The world's biggest study of cancer in twins has shown that the risk of developing the disease depends on how you live rather than who are your parents.

Although genetic factors play a minor role in some cancers, including those of the breast in women and the prostate in men, the environment is the main contributor to cancer at all 28 anatomical sites of the body studied.

The finding, published in the New England Journal of Medicine, is an important corrective to the growing view that heredity plays a major part in cancer, fuelled by the explosion in genetic research which has revealed genetic mechanisms underlying the disease.

Even among identical twins, who share the same genes, if one has a cancer the chances of the other developing it are mostly less than 15 per cent.

Scientists who studied records of 90,000 identical and non-identical twins (45,000 pairs in total) living in Scandinavia found that among 10,000 who had cancer, most involved the common sites of lung, bowel, breast, prostate and stomach.

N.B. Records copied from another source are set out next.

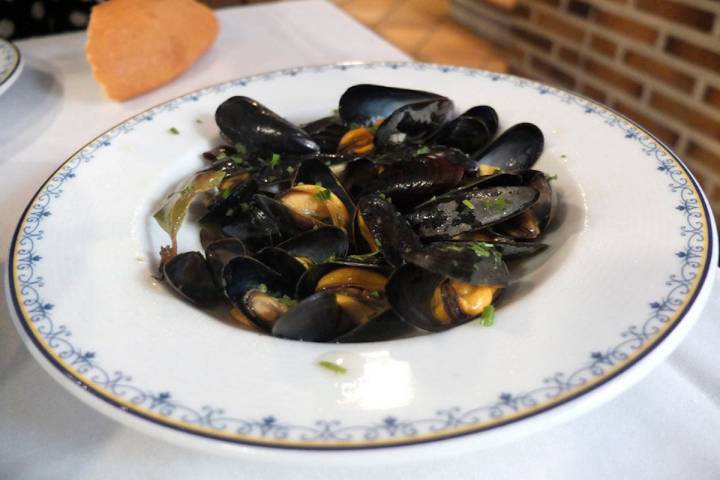 Los mejillones al ajillo son uno de los platos del menú. Foto: Javier Díaz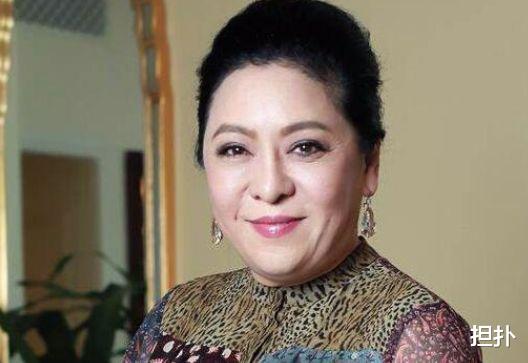 陈岚|身上一件羽绒服就8万多，一颗钻石7600万，她才是香港隐形女首富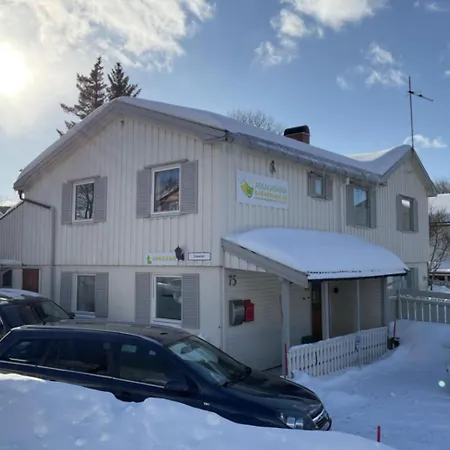 Villa Helt Hus: Sneveien 75 *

In all cases except prostate cancer, environmental effects accounted for at least 65 per cent of the risk.

Paul Lichtenstein of the Karolinska Institute in Stockholm and colleagues from Denmark and Finland found that for prostate cancer, 42 per cent of the risk could be explained by hereditable factors, 35 per cent in the case of bowel cancer and 27 per cent in breast cancer.

These figures relate to the proportion of the risk attributable to genetic factors. They do not imply that individuals with a family history of the disease are at this level of risk.

"The overwhelming contributor to the causation of cancer in the population of twins that we studied was the environment. The relatively large effect of hereditability at a few sites suggests major gaps in our knowledge of the genetics of cancer," the authors say.

The importance of environmental causes of cancer has been demonstrated by studies of breast cancer in Asian- American women. Those who recently immigrated have the same low rates prevalent in their homelands. But the among third generation the rates are similar to those in white American women.

The relatively high genetic component in prostate cancer fits with evidence showing marked international variations in the disease, according to an editorial in the Journal by Robert Hoover of the US National Cancer Institute.

"Large scale studies have searched for risk factors for prostate cancer and found few," he said. But in breast, lung and stomach cancer studies, lifestyle-related, infectious, reproductive and other environmental factors have been identified.